Overview: The approach will be to show (1) that if we could initialize one centroid in each cluster in the optimal clustering, the error is bounded, and (2) we can come close to initializing one centroid in each optimal cluster using the above sampling procedure.

Lemma 1: Let \(X\) be a set of points, and define \(\mu = \frac{1}{\lvert X \lvert} \sum_{x \in X} x\) as the mean. Let \(z\) be an arbitrary point. Then

\[\sum_x \lvert \lvert x - z \lvert \lvert^2 - \sum_x \lvert \lvert x - z \lvert \lvert^2 = \lvert X \lvert \, \lvert \lvert \mu - z \lvert \lvert^2\]
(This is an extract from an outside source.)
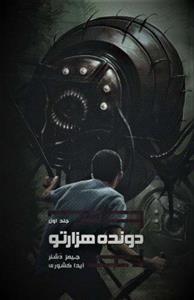 کتاب دونده هزارتو 1 اثر جیمز دشنر نشر باژ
Proof: Starting with the LHS and letting \(\lvert X \lvert\) denote the cardinality of \(X\).

\[\begin{align*} &\sum_x \lvert \lvert x - z \lvert \lvert^2 - \sum_x \lvert \lvert x - z \lvert \lvert^2\\ &= \sum_x x^T x - 2x^T z + z^T z - (\sum_x x^T x - 2 x^T \mu + \mu^T \mu)\\ &= \lvert X \lvert z^T z - \lvert X \lvert \mu^T \mu + \sum_x -2 x^T z + 2 x^T \mu\\ &= \lvert X \lvert z^T z - \lvert X \lvert \mu^T \mu + \frac{\lvert X \lvert}{\lvert X \lvert}\sum_x -2 x^T z + 2 x^T \mu\\ &= \lvert X \lvert (z^T z + \mu^T \mu - 2 \mu^T z)\\ &= \lvert X \lvert \lvert \lvert \mu - z \lvert \lvert^2 \end{align*}\]
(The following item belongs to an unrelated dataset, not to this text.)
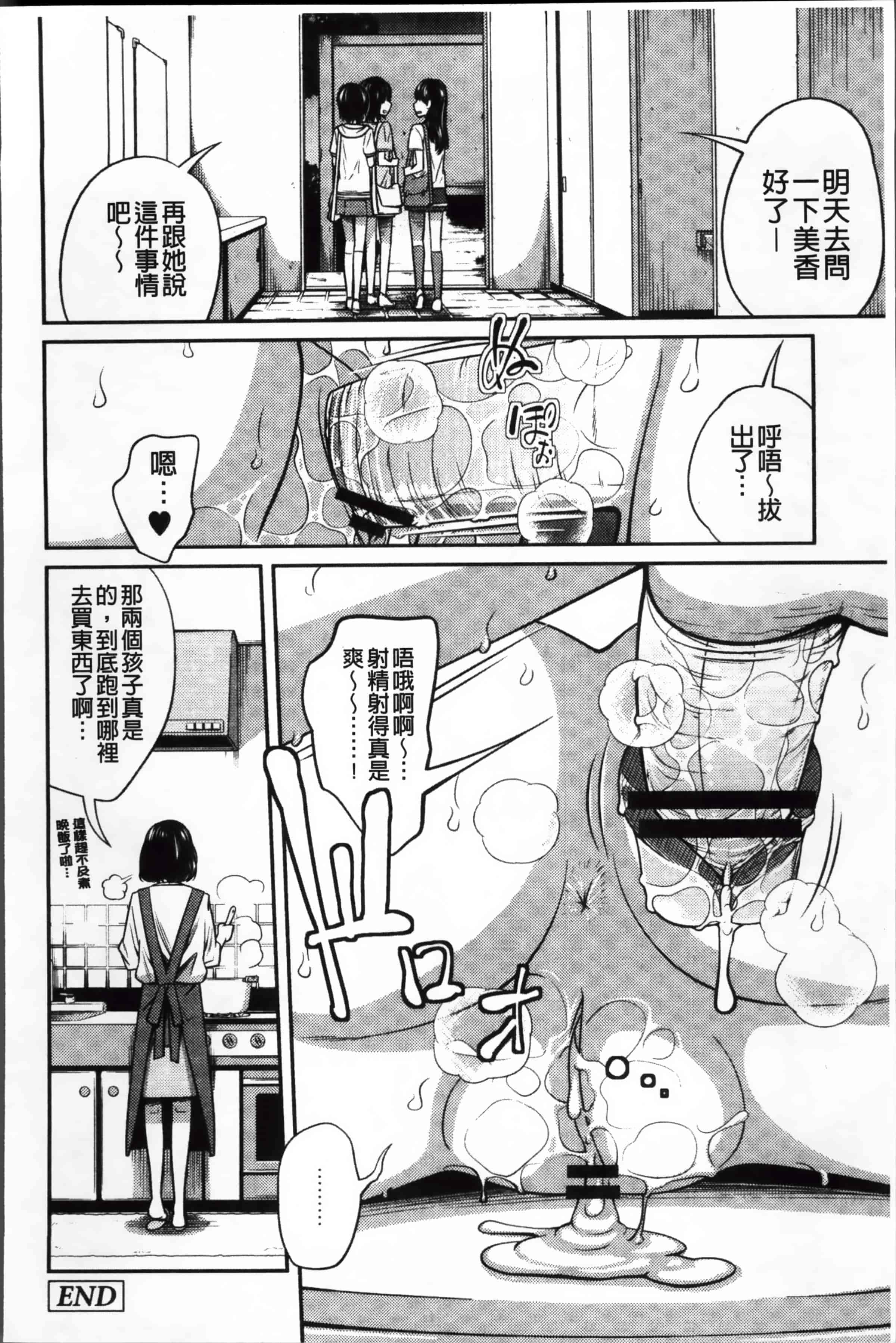 [椿十四郎] イモウト マニュアル_第5集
Lemma 2: Let \(A\) be an arbitrary cluster in \(C_{opt}\) and let \(C\) be the clustering with a single centroid, chosen uniformly at random from \(A\). Then

\[\mathbb{E}[\phi(A)] = 2 \phi_{opt}(A)\]
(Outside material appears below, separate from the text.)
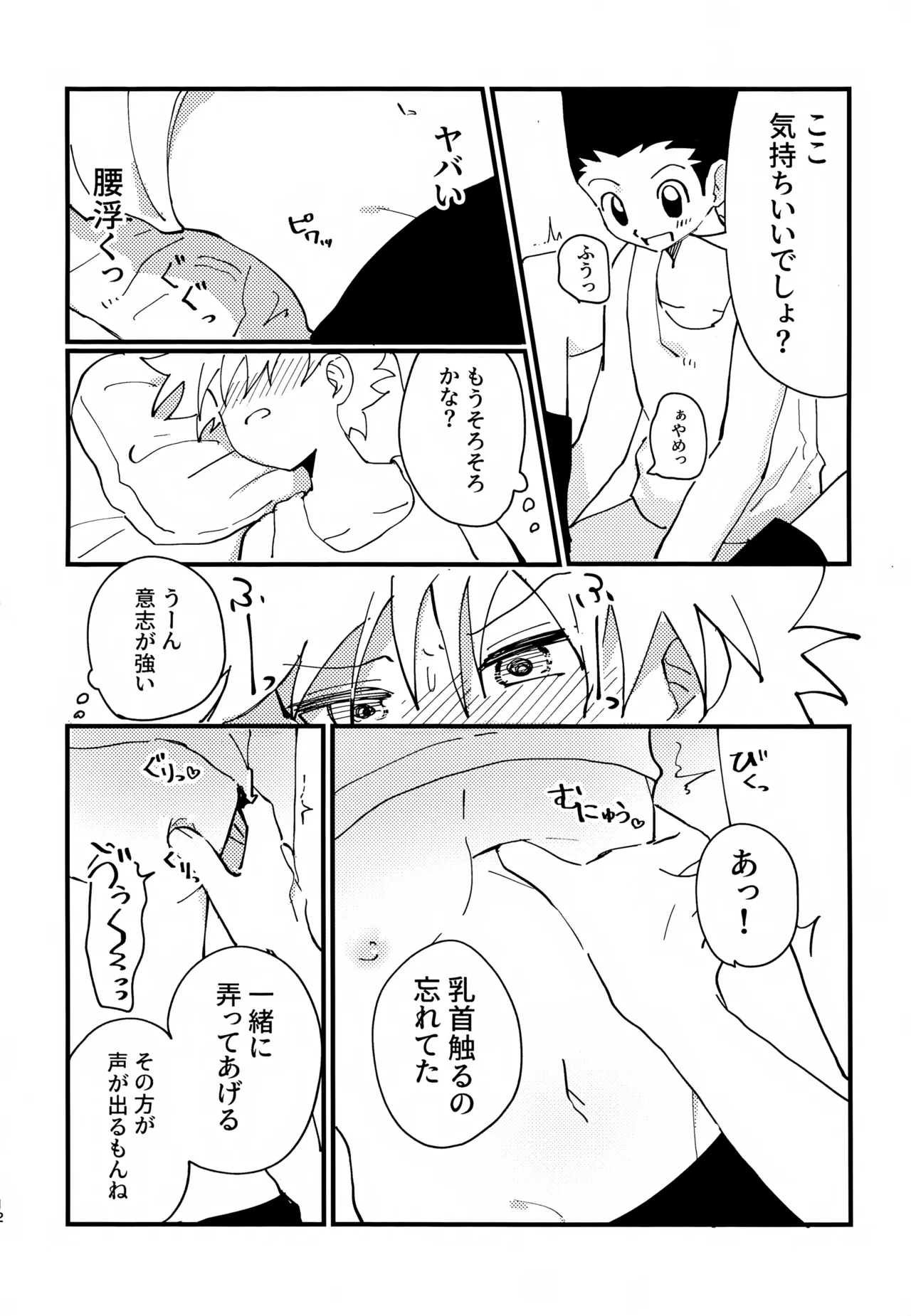 ぜーんぶ見せてよ！ Page.11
Proof: Define the optimal centroid \(\mu_A := \frac{1}{\lvert A \lvert} \sum_{a \in A} a\).

\[\begin{align*} &\mathbb{E}[\phi(A)]\\ &= \sum_{a_0 \in A} p(a_0 \text{ initial centroid}) \, \phi(A)\\ &= \sum_{a_0 \in A} \frac{1}{\lvert A \lvert} \sum_{a \in A} \lvert \lvert a - a_0 \lvert \lvert^2\\ &= \frac{1}{\lvert A \lvert} \sum_{a_0 \in A} \Big(\lvert A \lvert \, \lvert \lvert a_0 - \mu_A \lvert \lvert^2 + \sum_{a \in A} \lvert \lvert a - \mu_A \lvert \lvert^2 \Big)\\ &= \sum_{a_0 \in A} \lvert \lvert a_0 - \mu_A \lvert \lvert^2 + \frac{1}{\lvert A \lvert} \sum_{a_0 \in A} \sum_{a \in A} \lvert \lvert a - \mu_A \lvert \lvert^2\\ &= 2 \sum_{a \in A} \lvert \lvert a - \mu_A \lvert \lvert^2\\ &= 2 \phi_{opt}(A) \end{align*}\]

Intuitively, this says that if you use a random point in a set as the centroid in lieu of the optimal centroid, then in expectation, the error is only twice the optimal error. This can be seen qualitatively because while some points will be closer to an arbitrary point than to the ideal centroid, most of the other points will be further away.